平成版・生類哀れみの令 | 京都発、言いたい放題!~毎日更新~

平成版・生類哀れみの令

10/22(日) 京都では、今日時代まつり。観光客の人も多くなる時期やね。。。同じお町内のお家が1家3世代でこの武者列に馬に乗って、出られる予定なので、見に行く。ご苦労さまです。。。

さて、我が家ではゴールデンレトリバーというメスの大型犬を1匹飼っている。このチェリーという犬も、うちの子が小学生のときに、どうしても買えとしつこく粘られて、飼ったのだが、もうその犬も8歳になっとる・・・。今や、家族も同然なのだが、子供たちが固く約束していた餌やりや、散歩の当番は、とっくの昔に反故にされて、結局、親しか犬の世話をしない・・・。というのは、どこの家庭でも一緒やろうね。。。

 犬を飼うということは、この子の命を預かること。。。。このかけがえのない命を弄ぶような事件が広島で起こっていた。犬と遊べるペットワールドみたいなところは、ペットブームを背景にして、全国に雨後の竹子のように出来た。京都に近いところでも、琵琶湖わんわん王国というのが、出来た。1度だけ行ってみたが、小さい親子連れがたくさん来ていて、かなりの盛況やった覚えがある。

 ところが、件の広島のドッグパークは、経営難に陥ってしまって、倒産したらしい。後に残ったのは、500匹ものわんちゃん。餌もろくすっぽ与えられず、衛生状態も悪いので、毛が抜けたりして、病気の犬も多いのだという。。。可哀想に。。。

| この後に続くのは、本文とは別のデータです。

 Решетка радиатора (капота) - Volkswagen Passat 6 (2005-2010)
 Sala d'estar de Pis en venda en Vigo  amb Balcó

 犬というのは、人気のある犬種なら、何十万円という、けっこうな高値で取引されているのだが、栄養状態の悪い、まして病気の犬は、売買の対象にもされないので、引き取り手の口もなかなか無いのだという・・・。まあ、人間のわがままさの犠牲者というしかないやろうね。。。

 江戸時代に、犬公方と呼ばれ、生類哀れみの令を出した5代将軍・徳川綱吉は、日本の歴史では、どうしようもない、くだらない政治をした人として、日本史では否定的に採り上げられているが、この人の優しい気持ちは、今再評価されてもいいのかもね。。。

 まぁ、この時代は、一般庶民も喰うや喰わずの生活をしていたのに、生き物全ての殺生を禁じた法律だったから、庶民から反発があったのやろうけどね。。。ただ、綱吉の本当の狙いは、まだ戦国時代の荒々しい雰囲気を鎮めさせて、平和な世の中にして、徳川家の安堵を目指していたとも言えるのやけれどね。。。。

 ただ、綱吉のやった「お犬さま」をあまりにも尊ぶような姿勢は、人より犬の方が大事・・・という行き過ぎた考え方となり、後の歴史から否定されることになる。何か、歴史は繰り返すというか・・・。まぁ、日本もいつ、北朝鮮から暴発した核ミサイルが飛んでくるかも知れないというような時にしては、今の日本も、平和ボケなこっちゃなぁ。。。犬を大事にし過ぎるのもねぇ。。。。

 それにしても、何やかんや言っても、日本人は、リッチである。お金に余裕のある人もそうでない人も、金魚とか、小鳥、リスやうさぎ、ハウスター、犬や猫、豚にイグアナ。果ては蛇やワニまでいろんなペットを飼っておる。。。。人と付き合うのは、いろいろな意味で、ストレスが溜まるものかも知れないが、ペットを飼う一番の目的は、癒されるということやろう。愛情を持って、餌さえ、ちゃんとやってれば、ペットは飼い主に懐くし、言うこともよく聞きよる。

実の我が子は、親の言うことをぜんぜん、聞かないけど、犬の我が子は口答えもしない。。。だから、大事にする・・・・。広島の犬たちも、どうか、良い飼い主が早く見つかったらええのにね。。。生き物も人も命は大事にしなあかん。。。